For some reason, they put her in the wing that housed those who were prone to violence. At least, that’s what Karen assumed once she’d witnessed two fights within a half hour of being there. Most of the people in this wing had done things you’d usually be arrested for, but had done them in a way that freaked out the cops involved to the point where they didn’t want to deal with them. Stuff like resisting arrest by biting. Taking off their shirt before getting in a fight, then dropping their pants too. These people gave the rest of the patients a bad name, Karen decided.
Maybe she’d been placed there because of her high anxiety. Who knows. But they eventually realized their mistake and placed her in a wing with other suicidals, mostly quiet types who either ate too much at meals or not enough. Who had to excuse themselves from groups because of crying spells. Who stayed in bed for days at a time. Who sported thousand yard stares and took a few seconds to respond when you called their name.
These were people who would sit down next to you and strike up a convo if they sensed that you needed one. And that’s the funny thing about veterans of that kind of shit: They could always sense that you needed one. Once you’ve been to the depths and back, you become acutely aware of others’ internal states. Sensitive to their inner sufferings.
They kept her longer than anyone else. It wasn’t because she hammed it up or anything. She ditched the act after day four, but apparently they saw something that she didn’t and decided to keep her there longer.

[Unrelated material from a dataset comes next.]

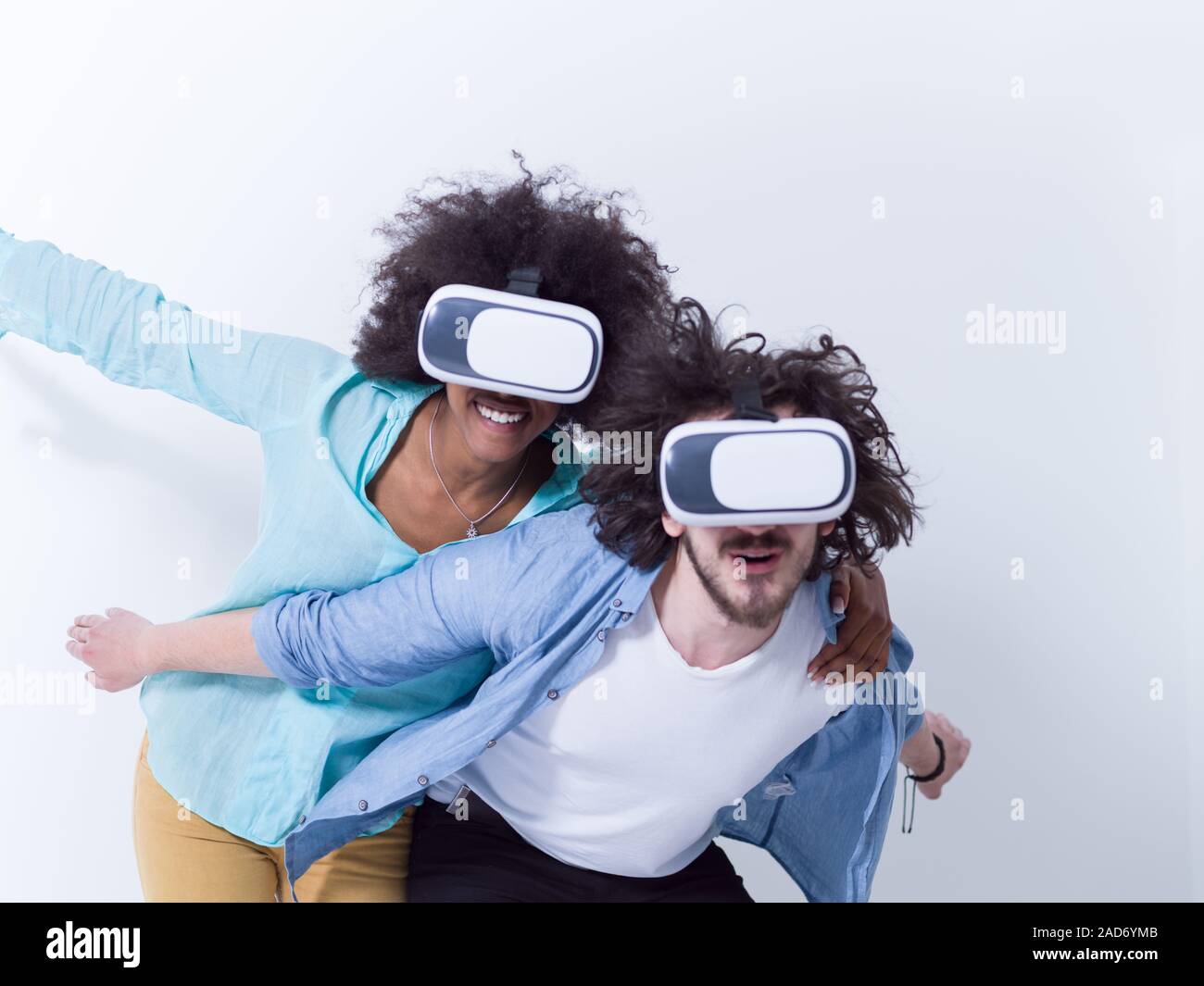 multiethnic couple getting experience using VR headset glasses Stock Photo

It’s the silent moments you have to reflect that get to you. One after another, her new friends left, slipping her their number scrawled on the backs of group therapy schedules, scratched in with the nubs of pencils.
She was encouraged to share in group, and she did. She went in with a whole character bio and story ready, but all of that fell away after she made her friends. Making it all up didn’t seem right when they were letting everything out. So she talked. About finding out she was adopted as a kid. About collecting everything she could carry in a backpack and running away. About getting picked up by a cop and brought home three days later. About not being able to talk for another three days after that, memory wiped. All of it.

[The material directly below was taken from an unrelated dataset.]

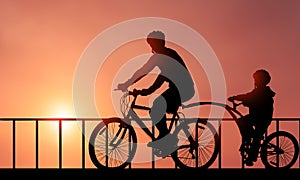 Family Cycling Together at Sunset time. Father and son silhouette Biking in front of beautiful sunset background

Karen left with a prescription for an SSRI she’d never take, a hospital wristband she’d keep in a lockbox with the numbers after she’d put them into her phone. They gave her fare for the bus, the card for a therapist who accepted Medicaid. She hadn’t planned on riding the bus till its final destination, but that’s what happened. She got off at the end, caught a bus going back home, and looked out the window. Watched the way that dusk played with the sky, purple segueing into black.